921 Chatham Lane Suite
100 Columbus, OH
Areas of Expertise
- Survey Research
- Economic Demography
Professor Olsen has been heavily involved with Center for Human Resource Research (CHRR) and the National Longitudinal Surveys of Labor Market Experience (NLS) for over twenty years. He also works on other projects at CHRR, most of which are related to applied microeconomics. For example, CHRR has operated the Consumer Finance Monthly survey since 2005, which has collected detailed data on household balance sheets, financial management and financial knowledge. Having been continuously collected for over two years in advance of the financial panic and subsequent recession as well as since then, these data provide a unique lens through which researchers can study the recent financial dislocations. The Consumer Finance Monthly is the only continuously operated household financial survey of American households over this period. It has been used for dissertations by several graduate students in the department.
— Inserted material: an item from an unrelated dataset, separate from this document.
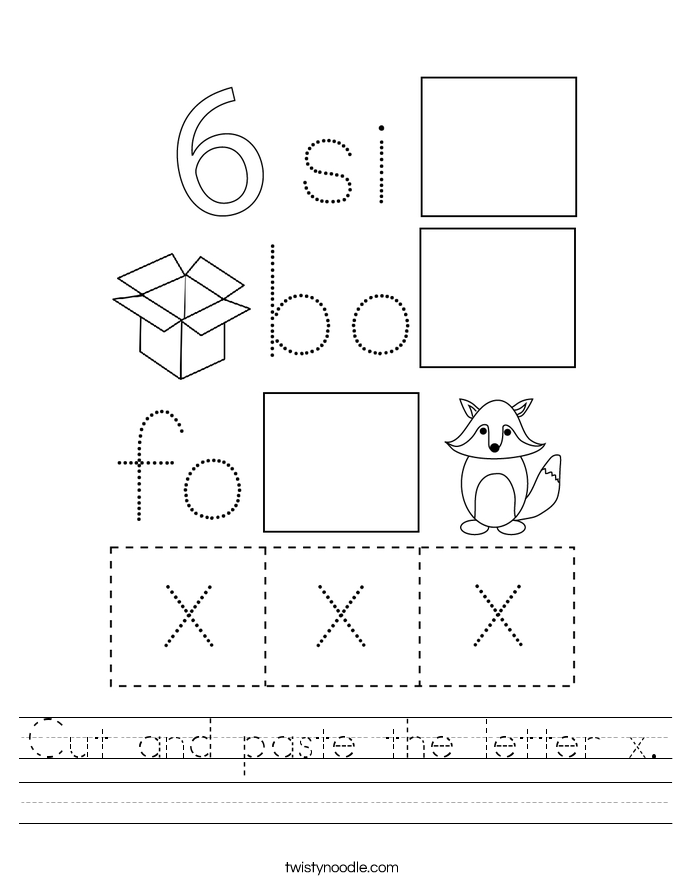 cut and paste the letter x worksheet twisty noodle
Over the years, several graduate students with interests in labor and economic demography have supported themselves with research assistant positions at CHRR.
Professor Olsen also has a project investigating depressivity over the life cycle and across generations using NLS data collected over the past several decades, including the child development study funded by NIH – the Children of the NLSY79. Another current project looks at the hedonic valuation of traits in the marriage market, allowing for the possibility that men and women place differential values and traits. This project also aims to infer whether trait valuations are different for different cohorts, comparing people born 1957-64 with those born 1980-84.
While he teaches only rarely, he maintains his long-standing interests in econometrics, labor economics, applied micro and economic demography. He has served a term as the Director of the Initiative in Population Research – an NICHD funded interdisciplinary population center at Ohio State. He guided that effort for four of its first five years and helped establish it as a thriving center for social science research that spans a great many colleges and departments at Ohio State.